▸ **What is needed**: Return the lines that run from the line containing "Xiaomi: la lista" through the end of the entries, both ends included. Leave out all pictures.

================

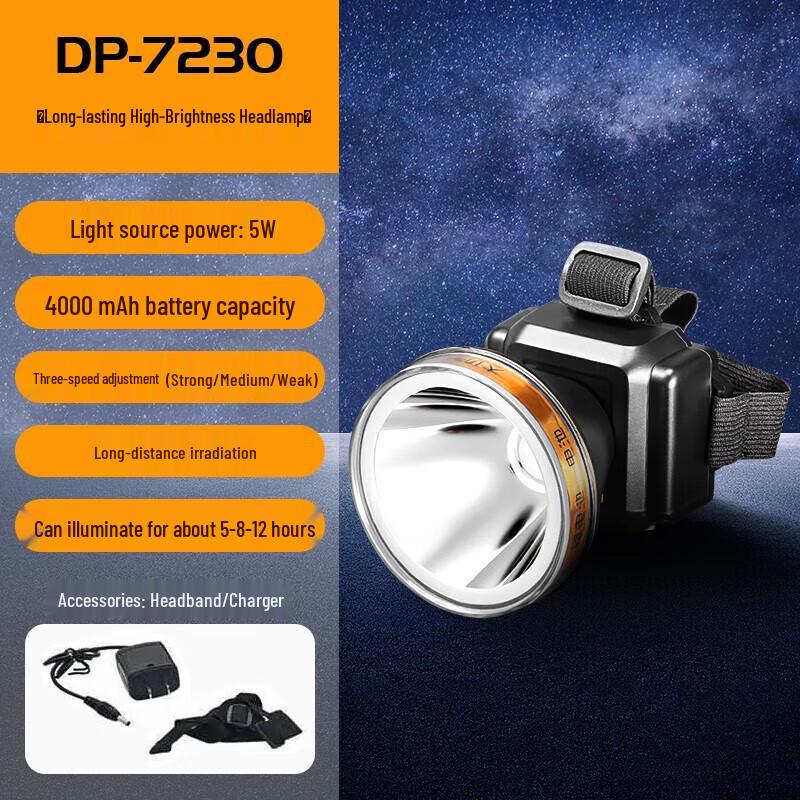 

Jiuliang Rechargeable LED Headlamp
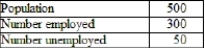<strong>(Table) According to the table, what is the labor force of this economy?  </strong> A) 50 B) 300 C) 350 D) 500 <div style=padding-top: 35px> 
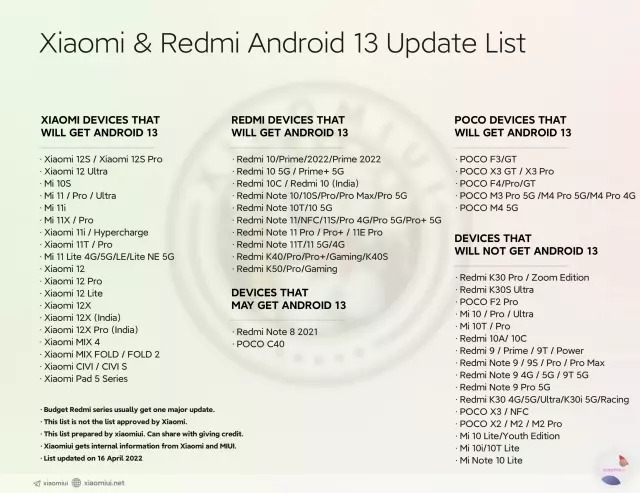 Xiaomi: la lista no oficial de smartphones actualizados a Android 13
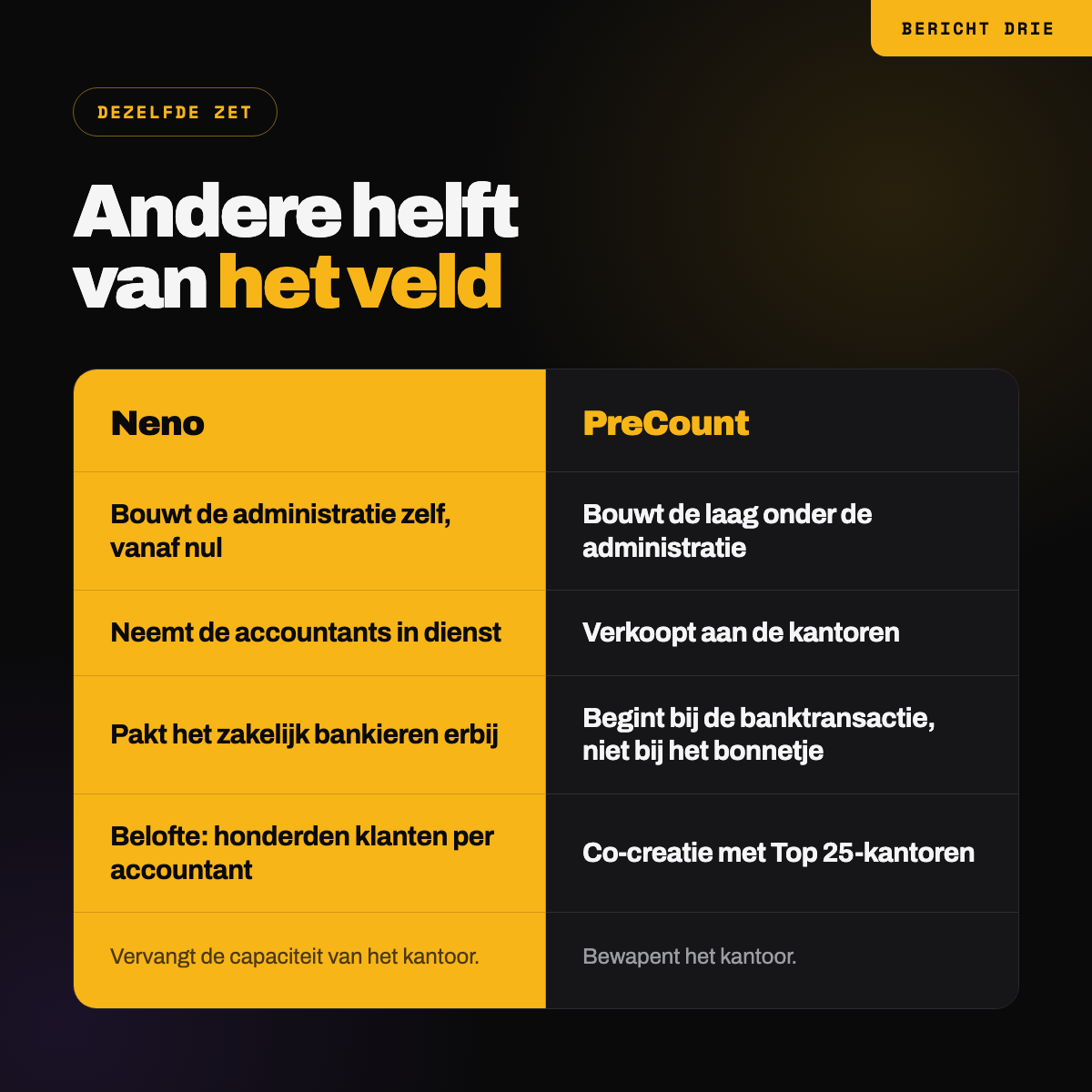 Neno tegenover PreCount: dezelfde zet op de andere helft van het veld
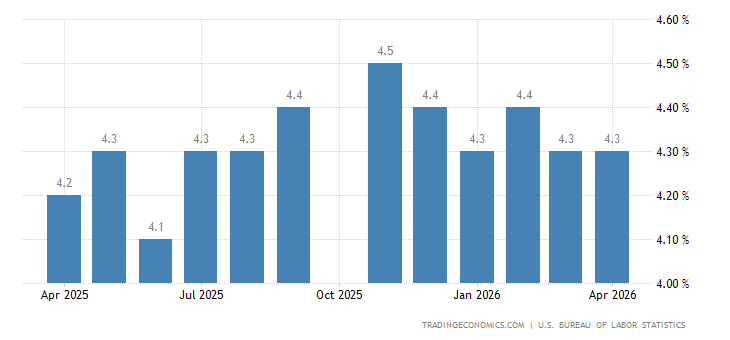 United States Unemployment Rate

================

▸ **Task solution**:
 Xiaomi: la lista no oficial de smartphones actualizados a Android 13
 Neno tegenover PreCount: dezelfde zet op de andere helft van het veld
 United States Unemployment Rate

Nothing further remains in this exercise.